Favoured by the wind which blew sea-wards, the lovers had been permitted to approach quite close to their friends without any betrayal of their presence.

Linda was seated on the river bank, her head in her hands, while Miss Doorm, like a black-robed priestess of some ancient ritual, leant against the trunk of a leafless pollard.

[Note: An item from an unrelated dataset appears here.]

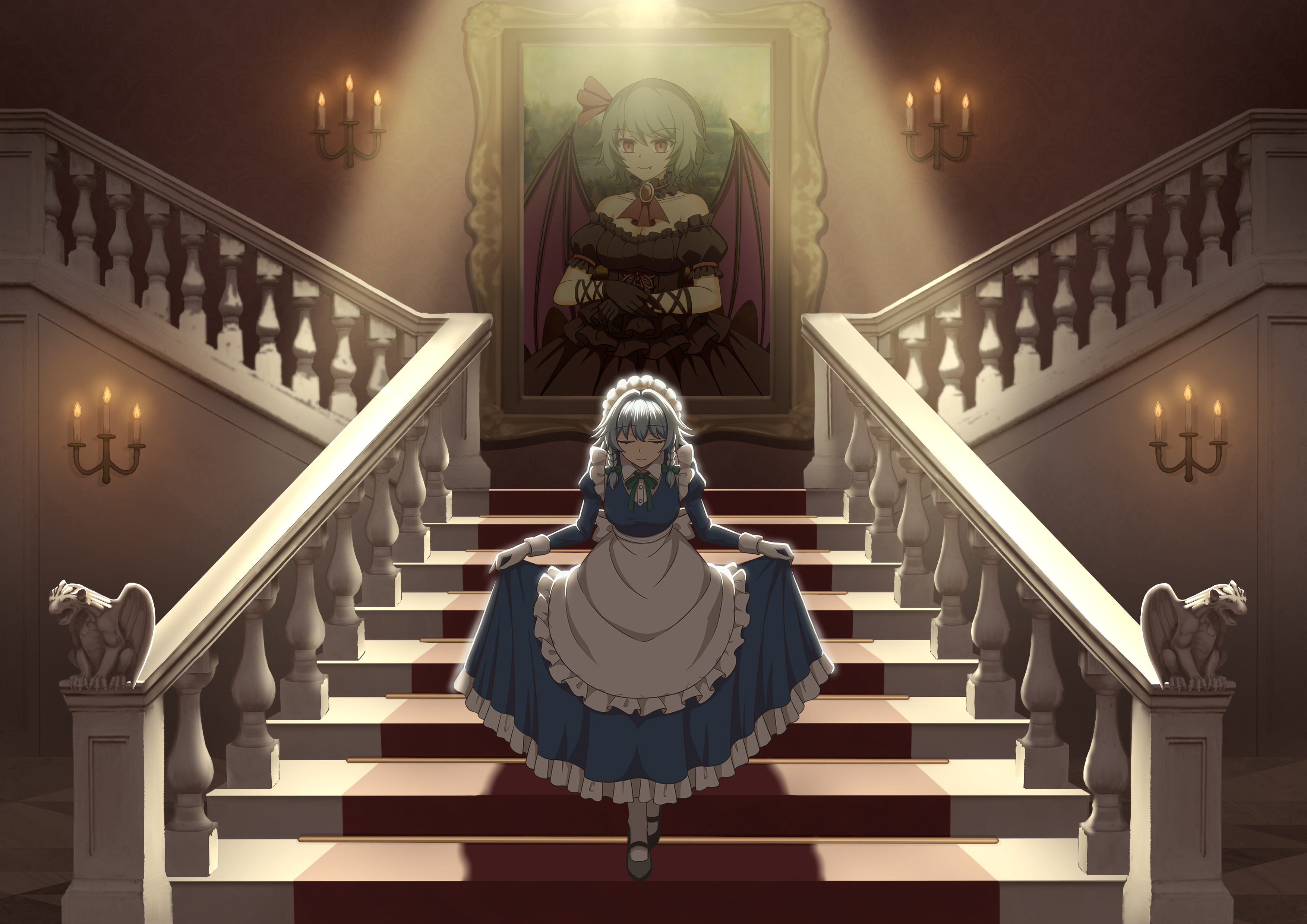 piaoluo de ying huaban, izayoi sakuya, remilia scarlet, mona lisa, touhou, absurdres, commentary request, highres, 1girl, alternate costume, apron, ascot, back bow, bat wings, black choker, black dress, black gloves, black shoes, blue dress, blue hair, bow, bowtie, braid, breasts, brooch, candelabra, candle, candlestand, choker, cleavage, closed eyes, closed mouth, curtsey, dress, facing viewer, fang, fang out, fine art parody, frilled choker, frills, gloves, green bow, green bowtie, grey hair, hair bow, jewelry, juliet sleeves, long hair, long sleeves, maid, maid headdress, mary janes, off-shoulder dress, off shoulder, painting (object), parody, puffy short sleeves, puffy sleeves, red ascot, red eyes, shoes, short sleeves, skirt hold, smile, socks, stairs, twin braids, waist apron, white bow, white gloves, white socks, wings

“They were perfectly happy when I left them,” whispered Nance, but she was conscious as she spoke of a cold, miserable misgiving in her inmost spirit. Like a flash her mind reverted to the lilac bushes of the London garden, and a sick loneliness seized her.

“Linda!” she cried, with a quiver of remorse in her voice. The young girl leapt hurriedly to her feet, and Miss Doorm removed her hand from the tree. A quick look passed between the sisters, but Nance understood nothing of what Linda’s expression conveyed. They moved on together, Adrian with Linda and Nance with Rachel.

“What do they call this river?” Nance enquired of her companion, as soon as she felt reassured by the sound of the girl’s laugh.

“The Loon, my dear,” replied Miss Doorm. “They call it the Loon. It runs through Mundham and then through the fens. It forms the harbour at Rodmoor.”

Nance sat silent. In the depths of her heart she made a resolution. She would find some work to do here in Rodmoor. It was intolerable to be dependent on any one. Yes, she would find work, and, if need be, take Linda to live with her.

She felt now, though she would have found it hard to explain the obscure reason for it, more reluctant than ever to return to London. Every pulse of her body vibrated with a strange excitement. A reckless fighting spirit surged up within her. Not easily, not quickly, should her hold on the man she loved be loosed! But she felt danger on the horizon—nearer than the horizon. She felt it in her bones.

They had now reached the foot of Rachel’s garden and there was a general pause in order that Adrian might do justice to the heavy architecture of Dyke House, as it was called—that house which the Badger—to follow Doctor Raughty’s tale—had taken into his “noble” but “malformed” head to leave to his solitary descendant.

As they passed in one by one through the little dilapidated gate, Nance had a sudden inspiration. She seized her lover by the wrist. “Adrian,” she whispered, “has there been anything—any one—to remind you—of what—you saw—that morning?”

She could not but believe that he had heard her and caught her meaning, yet it was hard to assume it, for his tone was calm and natural as he answered her, apparently quite misunderstanding her words:

“The sea, you mean? Yes, I’ve heard it all night and all day. We’ll go down there this afternoon, and Linda with us.” He raised his voice. “You’ll come to the sea, Linda; eh, child? To the Rodmoor sea?”

The words died away over the river and across the fens. The others had already entered the house, but a laughing white face at one of the windows and the tapping of girlish hands on the closed pane seemed to indicate acquiescence in what he suggested.